Would you reproduce the whole listing exactly, minus its images?

◆ Supplied data ◆
- Opening Delimiter -

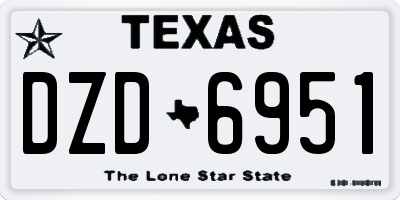 TX license plate DZD6951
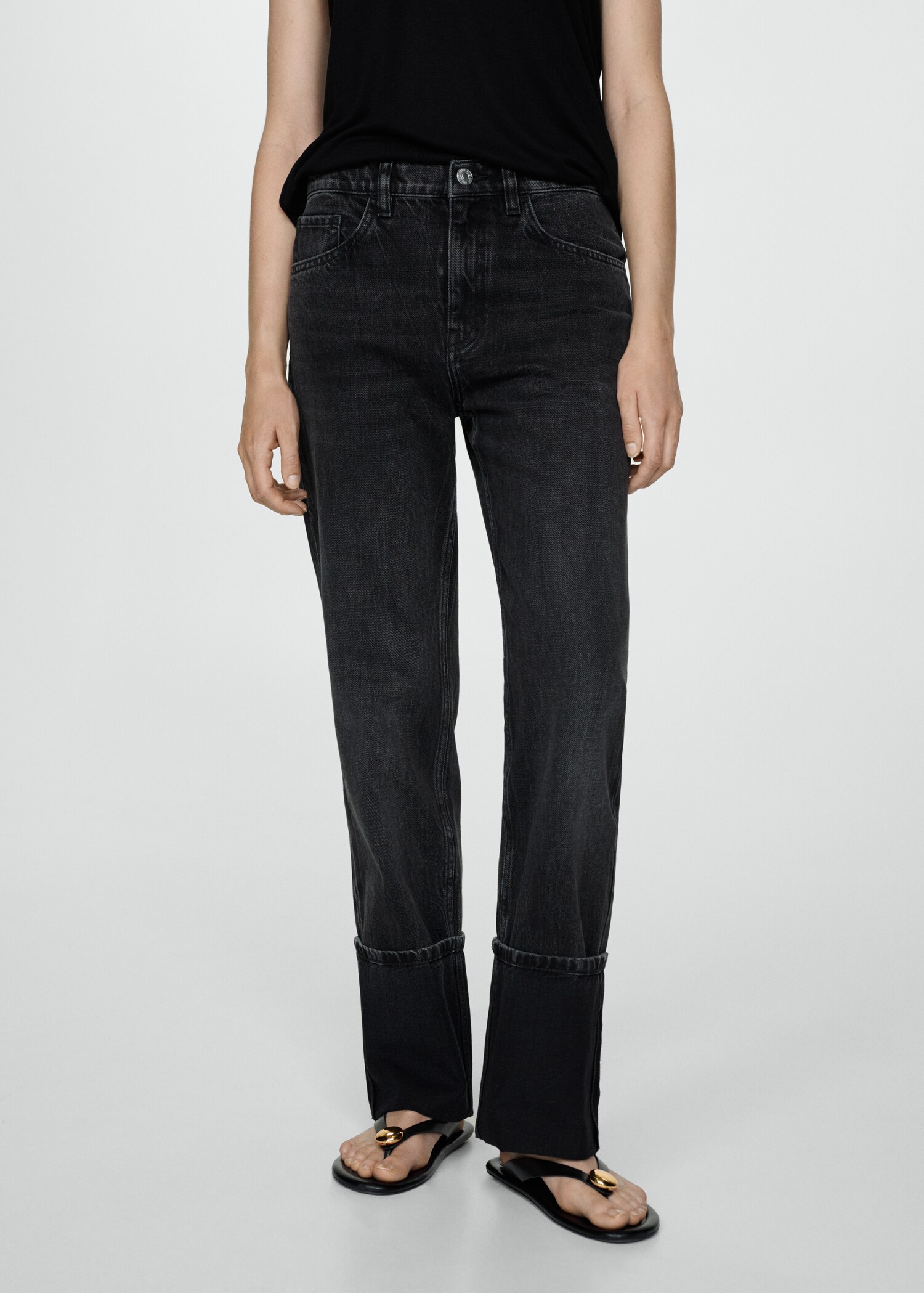 Turned-up straight jeans - Medium plane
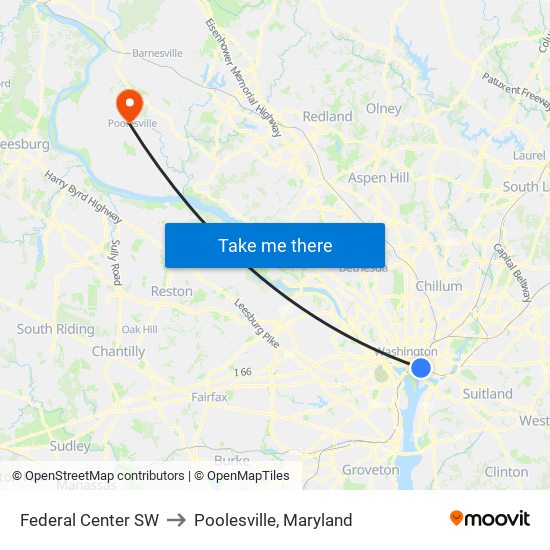 Federal Center SW to Poolesville, Maryland map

- Closing Delimiter -

◆ Solution to this task ◆
 TX license plate DZD6951
 Turned-up straight jeans - Medium plane
 Federal Center SW to Poolesville, Maryland map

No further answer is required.